If competitors dominate and you are a secondary mention: Strengthen your position on the specific sources AI search engines cite for those queries. Get more reviews, publish more comparison content, and build Reddit presence in your category.

Step 6: Schedule Follow-Up Audits

An initial audit is a snapshot. AI search results change over time as you publish content, build third-party presence, and competitors do the same. Schedule follow-up audits to track progress.

Monthly mini-audits: Re-run your top 5 queries across three engines. Takes 15 minutes. Automated tracking makes this even faster by monitoring changes over time without manual querying.

Quarterly full audits: Re-run all 10-15 queries with the same methodology as your initial audit. Compare against the baseline. Document which gaps closed and which remain.

Loudmink is an AEO platform that automates this audit process across up to 5 AI search engines every 24 hours, tracking changes over time so you do not need to run manual checks. Run a free scan to see where you stand. Plans from $99/mo as of June 2026.

Frequently Asked Questions

How often should I run an AI SEO audit?

Run a full audit (10-15 queries, 3+ engines) quarterly. Run mini-audits (top 5 queries, 3 engines) monthly. If you are actively building AI search presence (publishing content, building Reddit presence, requesting reviews), monthly mini-audits help you track whether actions are producing results.

Can I use free tools for an AI SEO audit?

Yes. The manual approach described in this guide is entirely free.
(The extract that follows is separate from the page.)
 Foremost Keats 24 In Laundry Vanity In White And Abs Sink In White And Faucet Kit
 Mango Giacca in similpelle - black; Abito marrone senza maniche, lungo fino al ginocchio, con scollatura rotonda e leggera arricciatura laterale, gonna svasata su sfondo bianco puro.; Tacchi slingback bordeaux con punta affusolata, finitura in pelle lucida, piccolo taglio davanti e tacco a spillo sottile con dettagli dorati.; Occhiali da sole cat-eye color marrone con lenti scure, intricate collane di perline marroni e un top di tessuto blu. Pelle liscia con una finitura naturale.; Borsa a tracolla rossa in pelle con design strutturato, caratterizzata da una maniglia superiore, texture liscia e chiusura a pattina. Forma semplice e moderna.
HubSpot AEO Grader and Amplitude AI Visibility also offer free basic checks as of June 2026. Paid AEO platforms add automated scheduling, historical tracking, and multi-engine coverage that manual checking cannot replicate at scale.

What if my brand appears on ChatGPT but not Perplexity?

This is common. AI search engines have different retrieval behaviors and source preferences. ChatGPT favors Reddit and brand websites. Perplexity favors news sources and YouTube. If you are visible on ChatGPT but not Perplexity, focus on building presence on the sources Perplexity trusts: editorial coverage, YouTube content, and very fresh website content (Perplexity applies the most aggressive time decay).

Should I audit my competitors too?

Yes. Auditing competitors reveals which brands AI search engines recommend instead of you, what sources drive those recommendations, and where the gaps in competitive coverage exist. Include your top 3-5 competitors in the same audit queries to build a complete picture.